The following methods and assumptions were used in estimating the fair values of financial instruments:

Cash and cash equivalents----the carrying amounts reported in the balance sheets for cash and cash equivalents approximate their estimated fair values due to their short maturities.

Short-term investments and convertible subordinated debentures----fair values are based on quoted market prices.

Foreign exchange contracts:  net.com does not use derivative financial instruments for speculative or trading purposes.  Where available, net.com enters into foreign exchange forward contracts to hedge certain balance sheet exposures and intercompany balances against future movement in foreign exchange rates.  Gains and losses on the foreign exchange contracts are included in interest and other income, net, which offset foreign exchange gains or losses from revaluation of foreign currency-denominated balance sheet items and intercompany balances.

The foreign exchange forward contracts require net.com to exchange foreign currencies to U.S. Dollars or vice versa, and generally mature in one month or less.  As of March 26, 2004 and March 28, 2003, net.com had outstanding foreign exchange forward contracts with aggregate notional amounts of $3.7 million and $4.8 million, respectively, that had remaining maturities of one month or less.  As of March 26, 2004 the carrying amount, which was also the estimated fair values of foreign exchange forward contracts, is based on prevailing financial market information.

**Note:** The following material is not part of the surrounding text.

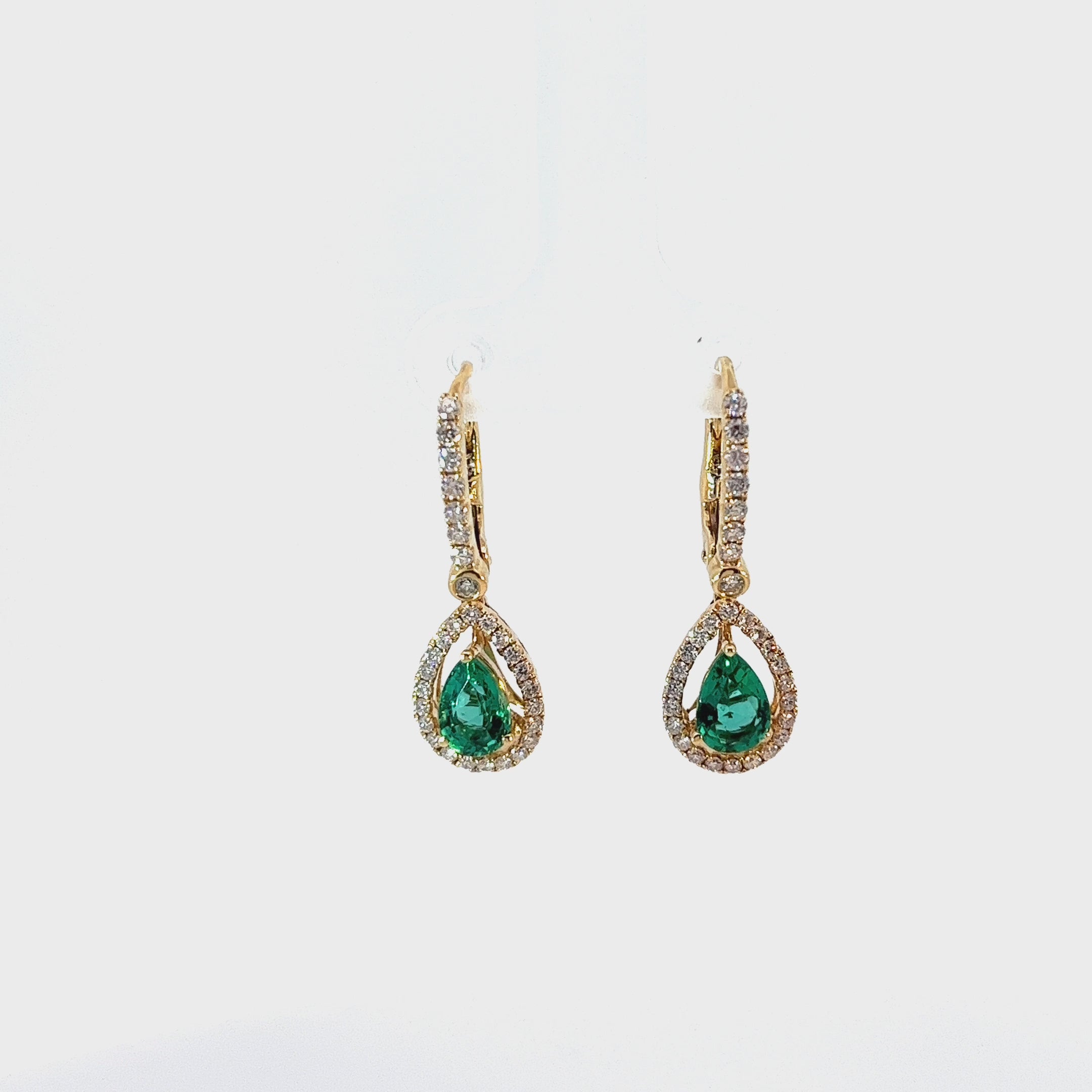 Ladies 14k Yellow Gold Emerald and diamond drop earrings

Note 17:  Sale of N.E.T. Federal, Inc.’s Service Business

On December 1, 2000, net.com sold the assets of its federal services business (FSB) to CACI International Inc (CACI) for cash consideration of $40.0 million.  The assets sold were comprised mainly of Federal Government service contracts, accounts receivable, spares inventory and fixed assets.    The cash received from CACI to date is $38.5 million.  The remaining $1.5 million is payable during the first quarter of fiscal 2005.  During the fiscal year ended March 26, 2004 net.com earned and recorded a gain of $1.5 million.  The total net gain on the sale to date is $26.4 million.  In addition, under an ongoing agreement with CACI, net.com will continue to receive royalties on maintenance revenue.

Note 18: Litigation

net.com is involved, from time to time, in litigation relating to claims arising out of its operations in the normal course of business.  net.com is not currently a party to any legal proceedings, the adverse outcome of which, in management’s opinion, individually or in aggregate would have a material adverse effect on the Company’s business, financial condition, results of operations or cash flow.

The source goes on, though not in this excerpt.